W3C home > Mailing lists > Public > public-html@w3.org > July 2009

Re: postMessage: origin serialized too early

From: Thomas Roessler <tlr@w3.org>
Date: Tue, 14 Jul 2009 15:49:16 +0200
To: Ian Hickson <ian@hixie.ch>
Message-Id: <AC6B033F-CC86-4AE7-936C-8992745AB935@w3.org>
Cc: public-html@w3.org
On 11 Jul 2009, at 01:29, Ian Hickson wrote:

>>> This would require constructing an opaque JS object that  
>>> represents an
>>> origin. This has never been exposed before. Do we really want to do
>>> this? What is the use case? The only cases on the Web where this can
>>> happen seem to be cases like data: URIs generating custom
>>> subdocuments, but that seems like a very strange edge case. In such
>>> cases, scripts can just communicate directly anyway.
>> Communicating out of (and back into) sandboxed iframes comes to  
>> mind as
>> the other use case, besides the widget work.
> For that case, just send a MessagePort with your first message, and  
> then
> use MessagePort communication instead of window.postMessage().

That certainly helps, even though it's still surprising that  
window.postMessage() will fail under these circumstances.

>>> I think it would make more sense to wait until we have a clear  
>>> need to
>>> do this before adding this feature. We can always retrofit it by
>>> making the objects serialise to a string.

>> So, what's the downside to serializing opaque origins into long  
>> random
>> numbers that can in turn be compared to them?

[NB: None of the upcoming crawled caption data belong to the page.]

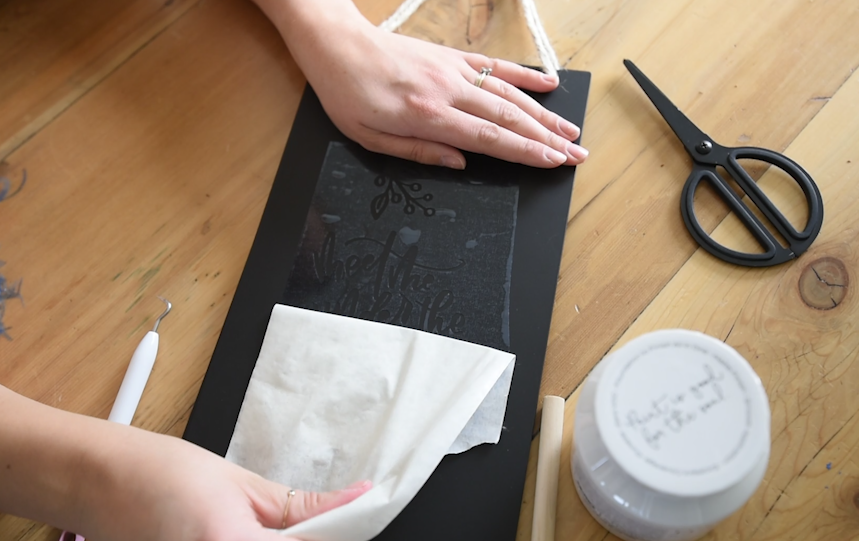 HOW to apply vinyl decals using transfer tape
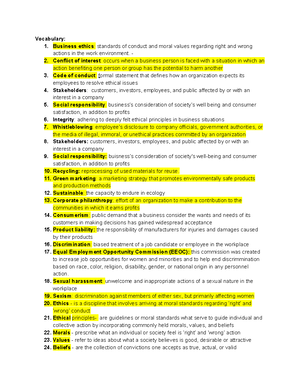 Introduction to Business Study Guide - Introduction to Business Study ...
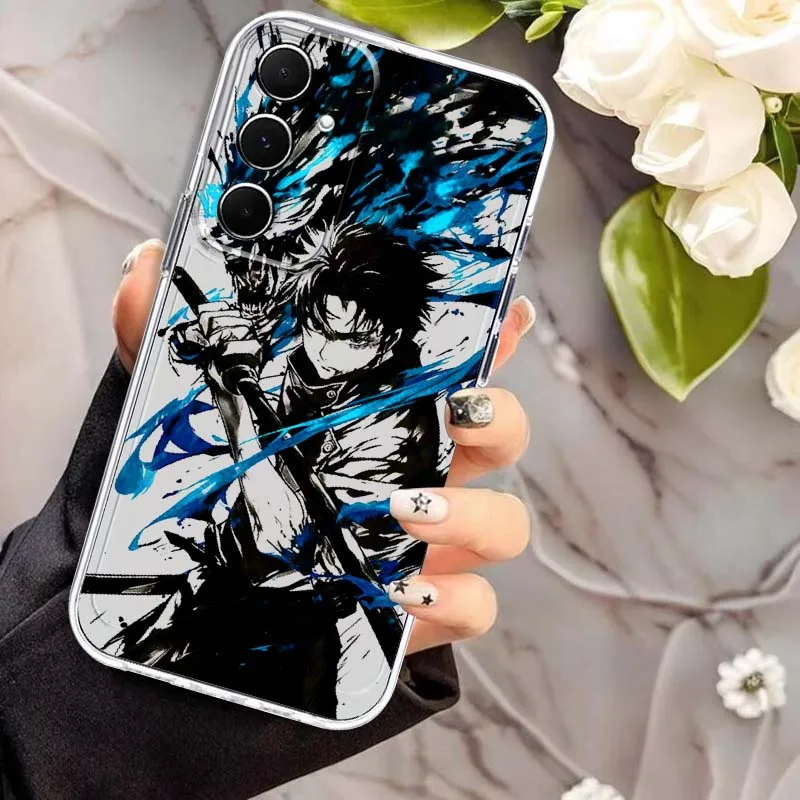 Jujutsu Kaisen أنيمي لسامسونج غالاكسي A73 A72 A71 A55 A54 A53 A52 A51 A33 A25 A22 A15 A14 A05 بولي TPU حافظة هاتف شفافة #5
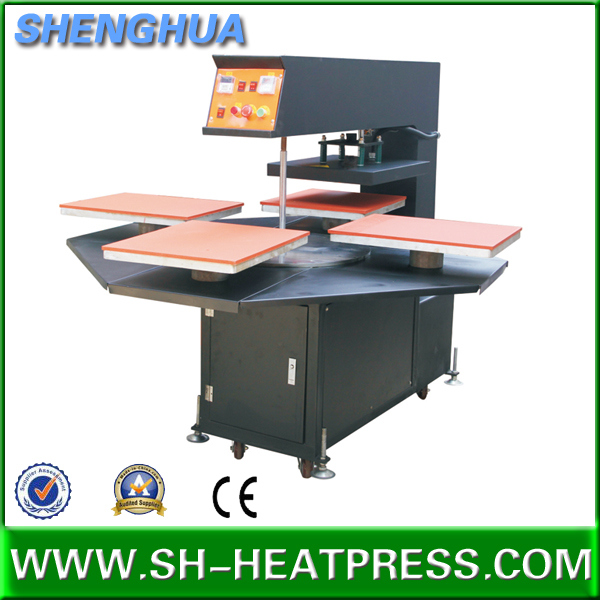 Automatic Heat Transfer Machine Four Stations Printing Equipment Cy-B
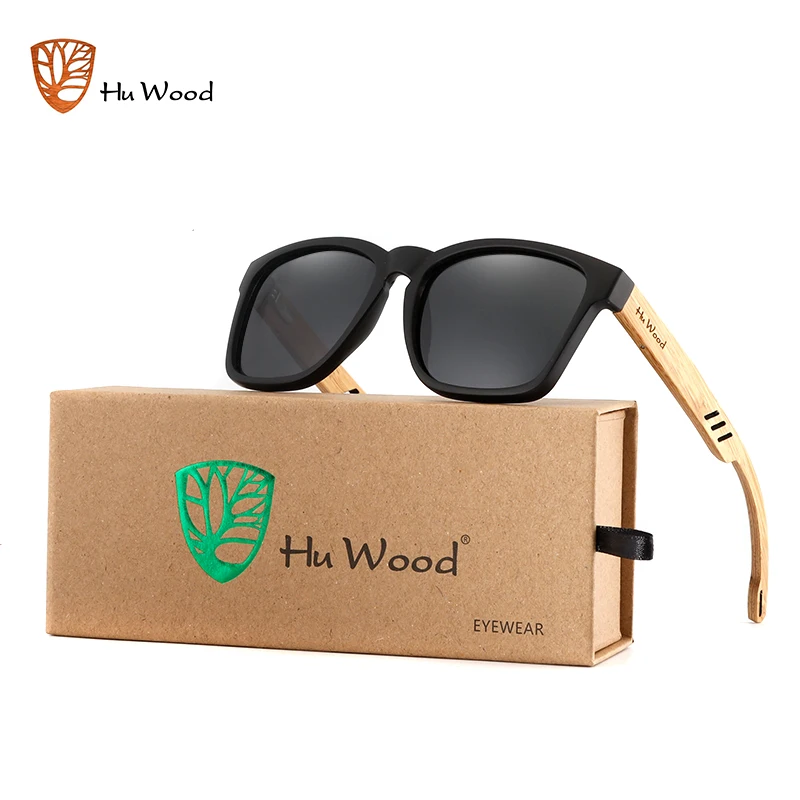 

Hu Wood Sunglasses For Men Women Polarized Wooden Sun glasses Driving Eyewear Fishing Sports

> I don't know that I have a good reasoned downside. It strikes me as,  
> well,
> ugly, though. It also seems like the kind of thing that would lead to
> problems later, though I don't have rational reason for this  
> impression.

So, moving away from the concrete use case, the (also soft) counter- 
arguments are:

1. Serializing two objects that don't compare as equal when it really  
matters (i.e., two distinct unique origins) to the same string feels  
like the kind of thing that, too, might lead to problems later on.

2. Long random numbers are commonplace in cryptographic protocols and  
don't cause trouble there -- why should they cause trouble here?  (In  
fact, you probably don't even need hard-to-guess numbers here --  
unique identifiers that cannot otherwise occur as origins should be  
enough for the security properties you're looking for here.)

>> (Or, put differently, what - besides CORS and the Origin proposal -  
>> is
>> the use case for serializing opaque origins into "null" throughout
>> HTML5?)

> It's not a feature; there's no use case for it. It's just that we  
> have to
> serialise to something to keep everything well-defined.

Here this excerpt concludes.